TO DO
Across the entries below, how many lines include "Suites"? Give the number and nothing else.

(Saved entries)
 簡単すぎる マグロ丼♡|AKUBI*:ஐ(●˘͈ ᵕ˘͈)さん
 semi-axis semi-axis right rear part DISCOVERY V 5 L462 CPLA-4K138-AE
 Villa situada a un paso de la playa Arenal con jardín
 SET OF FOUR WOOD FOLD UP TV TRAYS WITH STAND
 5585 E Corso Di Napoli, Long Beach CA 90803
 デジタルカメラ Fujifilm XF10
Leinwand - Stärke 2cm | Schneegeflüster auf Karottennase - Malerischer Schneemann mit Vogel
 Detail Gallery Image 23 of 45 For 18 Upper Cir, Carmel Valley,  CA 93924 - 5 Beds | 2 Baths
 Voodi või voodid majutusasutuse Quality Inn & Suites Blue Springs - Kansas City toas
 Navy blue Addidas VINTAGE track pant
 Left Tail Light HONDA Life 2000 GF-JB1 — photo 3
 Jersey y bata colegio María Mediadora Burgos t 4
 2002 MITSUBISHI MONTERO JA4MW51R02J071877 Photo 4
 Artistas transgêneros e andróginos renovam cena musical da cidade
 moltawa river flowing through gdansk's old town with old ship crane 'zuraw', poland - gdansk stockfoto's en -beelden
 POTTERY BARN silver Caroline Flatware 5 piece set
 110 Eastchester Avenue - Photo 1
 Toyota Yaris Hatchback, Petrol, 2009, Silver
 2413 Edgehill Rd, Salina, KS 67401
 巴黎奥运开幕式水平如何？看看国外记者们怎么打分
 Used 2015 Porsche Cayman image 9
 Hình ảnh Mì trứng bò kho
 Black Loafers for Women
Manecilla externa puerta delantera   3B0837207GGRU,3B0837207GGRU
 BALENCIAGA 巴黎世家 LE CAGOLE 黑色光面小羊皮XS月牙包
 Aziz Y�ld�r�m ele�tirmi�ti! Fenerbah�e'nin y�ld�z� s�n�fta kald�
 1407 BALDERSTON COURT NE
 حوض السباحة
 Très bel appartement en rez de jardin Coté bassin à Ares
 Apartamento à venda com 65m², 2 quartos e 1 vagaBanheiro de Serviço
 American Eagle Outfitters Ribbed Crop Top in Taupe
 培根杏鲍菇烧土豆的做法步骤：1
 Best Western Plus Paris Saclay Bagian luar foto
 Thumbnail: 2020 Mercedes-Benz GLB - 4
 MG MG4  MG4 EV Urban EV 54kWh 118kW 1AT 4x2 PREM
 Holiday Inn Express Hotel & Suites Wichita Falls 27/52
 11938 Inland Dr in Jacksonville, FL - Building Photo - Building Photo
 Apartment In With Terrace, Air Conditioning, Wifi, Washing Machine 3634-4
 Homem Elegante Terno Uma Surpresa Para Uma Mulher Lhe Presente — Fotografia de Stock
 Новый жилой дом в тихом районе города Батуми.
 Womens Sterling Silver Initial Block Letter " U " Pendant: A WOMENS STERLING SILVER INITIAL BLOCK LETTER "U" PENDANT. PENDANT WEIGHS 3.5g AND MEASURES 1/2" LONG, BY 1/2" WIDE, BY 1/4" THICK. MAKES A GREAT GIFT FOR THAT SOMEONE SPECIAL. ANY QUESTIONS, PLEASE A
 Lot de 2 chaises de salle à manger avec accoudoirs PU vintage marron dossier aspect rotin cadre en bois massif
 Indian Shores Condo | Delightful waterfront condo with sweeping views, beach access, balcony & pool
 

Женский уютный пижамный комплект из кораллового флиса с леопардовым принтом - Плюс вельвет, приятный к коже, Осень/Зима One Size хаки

RESULT BELOW
2